Igor Strawinsky, Chant funèbre op. 5 (hr-Sinfonieorchester / Karina Cannellakis)

Der Chant funèbre kann kompositionstechnisch als Bindeglied zwischen Strawinskys spätromantischem Frühwerk und seinen Balletten der 1910er Jahre betrachtet werden. Angefangen mit L’Oiseau de Feu markieren letztere seinen Durchbruch als Komponist und setzten Maßstäbe für die Musik des frühen 20. Jahrhunderts. Die Wurzeln der wegweisenden harmonischen Neuerungen der Ballettmusiken lassen sich bereits im Chant funèbre entdecken. Flimmernde Streicherklänge eröffnen den Grabgesang, Bläser ergänzen sie mit chromatischen Harmonien, bis schließlich eine Kantilene des Horns erklingt. Nach Strawinskys eigener Aussage schreiten die einzelnen Instrumente anschließend zum Grab und legen dort ihre Melodien nieder. Diese beruhen allesamt auf der anfänglichen Kantilene des Horns.
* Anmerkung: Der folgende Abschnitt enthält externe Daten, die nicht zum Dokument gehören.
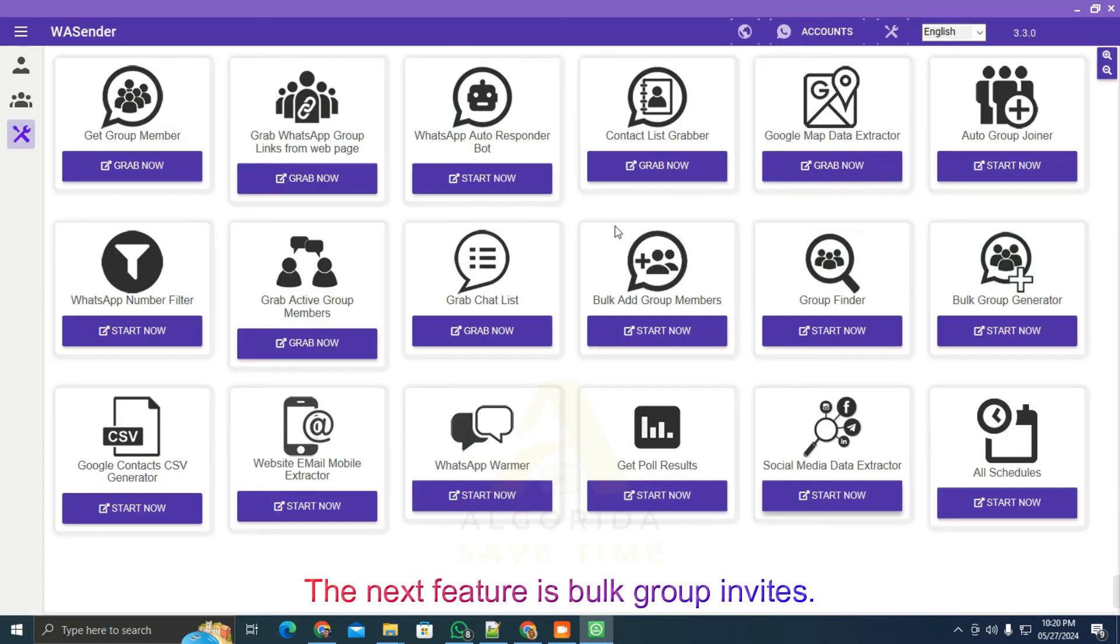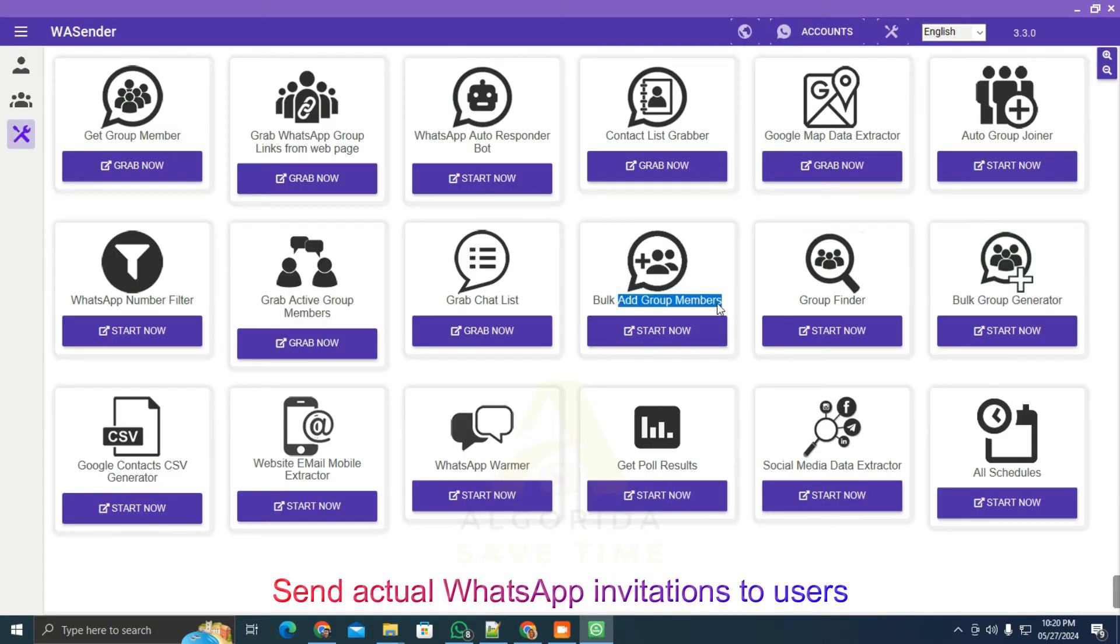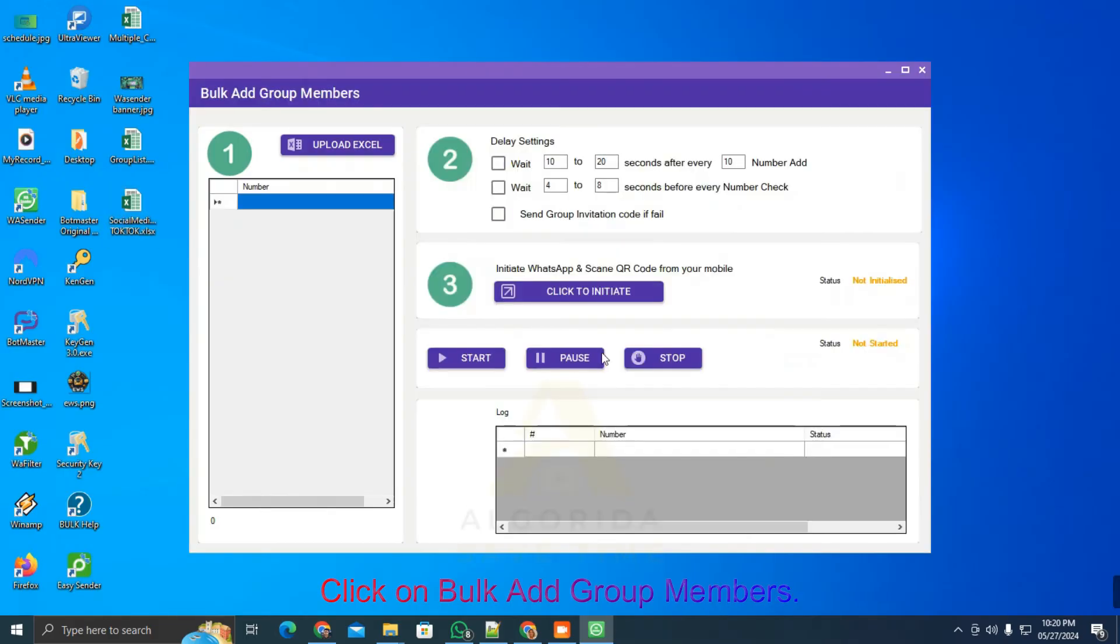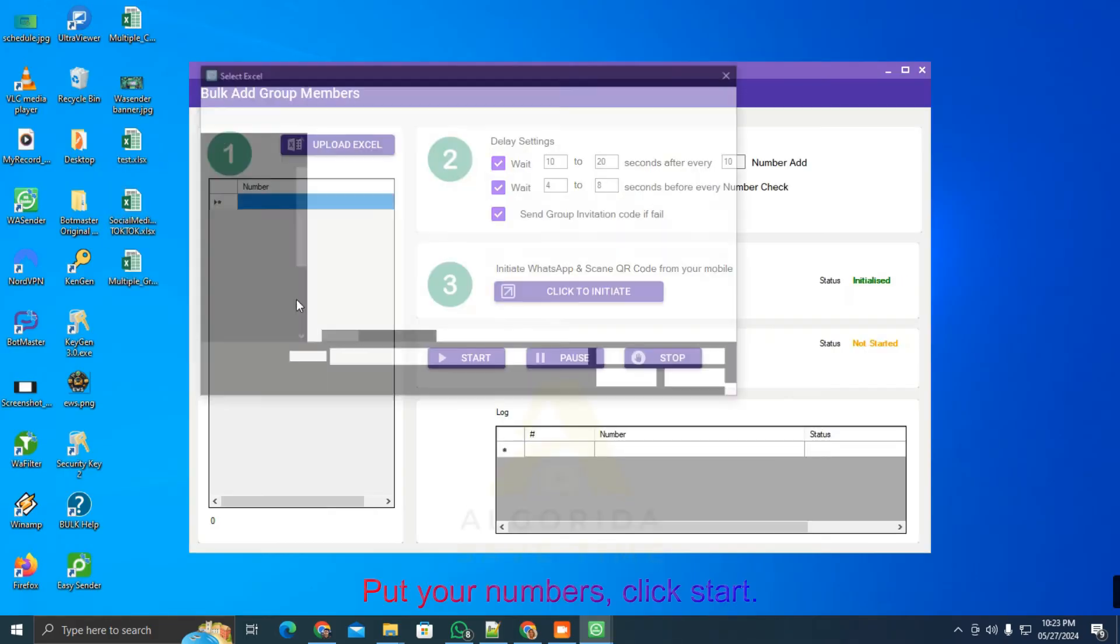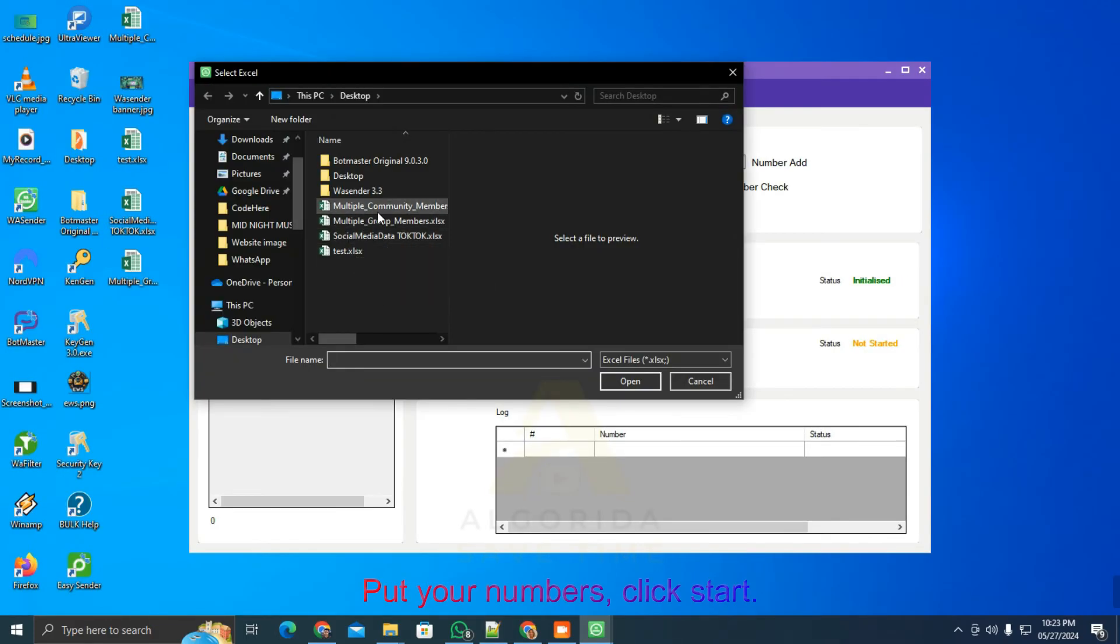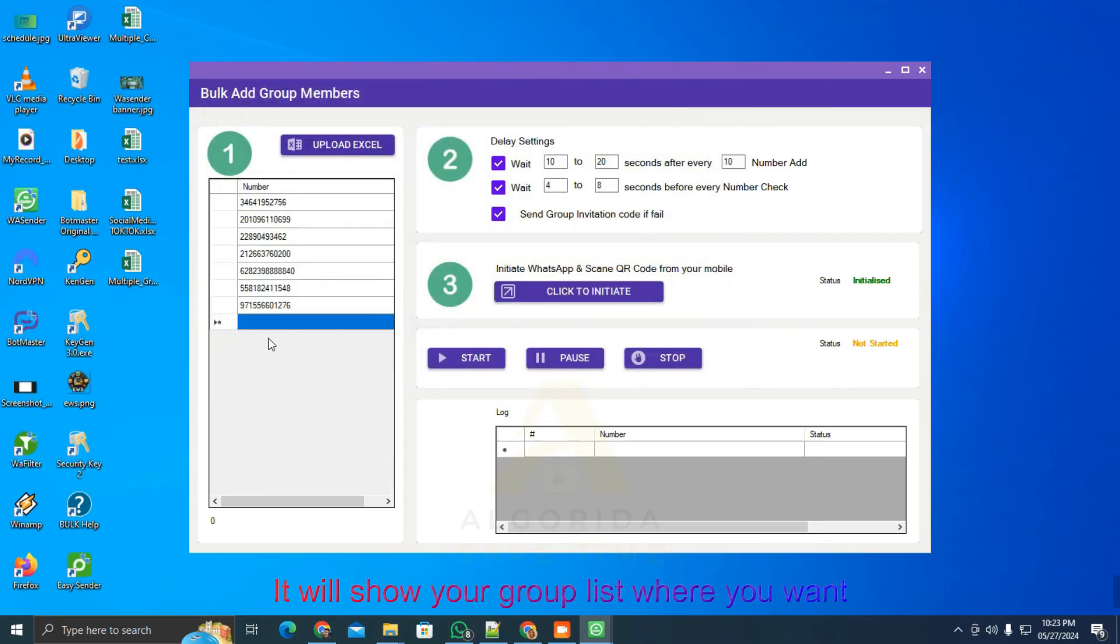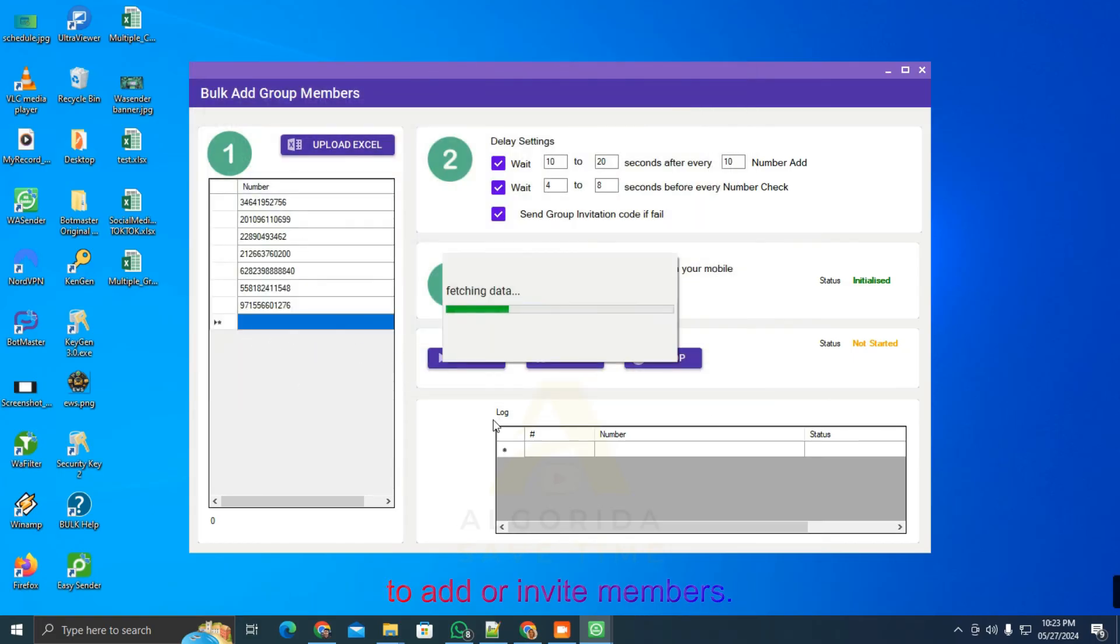The next feature is bulk group invites. Send actual WhatsApp invitations to users who aren't in your contact list. Click on bulk add group members, input your numbers, click start. It will show your group list where you want to add or invite members.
Durch Modulation, Artikulation und Instrumentierung wird das Thema stetig variiert, sodass es in immer neuer Gestalt erklingt. Die verminderte Skala, die Strawinsky gegen Ende des Werks verwendet, verweist auf die Harmonik seiner späteren Werke und eröffnet eine von Dur und Moll losgelöste Klangästhetik. Bereits Strawinskys Lehrer Rimskij-Korsakow experimentierte etwa in seiner Oper Sadko mit dieser Oktatonik. Auch an Richard Wagner erinnert der Grabgesang – vor allem die Streicher ähneln Siegfrieds Todesszene in der Götterdämmerung. Die kompositorische Nähe erklärt sich wohl durch die große Bewunderung für Wagner, die Strawinsky in seiner frühen Schaffensphase noch hegte. Gemeinsam mit Rimskij-Korsakow studierte er Wagners Werke und wohnte mehreren Aufführungen von dessen Opern bei. So würdigt Igor Strawinsky mit dem Chant funèbre das Erbe seines Lehrers gleichermaßen in symbolischer wie in musikalischer Hinsicht.

Dieser Text entstand als Programmheftbeitrag zu einem Konzert des hr-Sinfonieorchesters am 1. Arpil 2022 in der Alten Oper Frankfurt.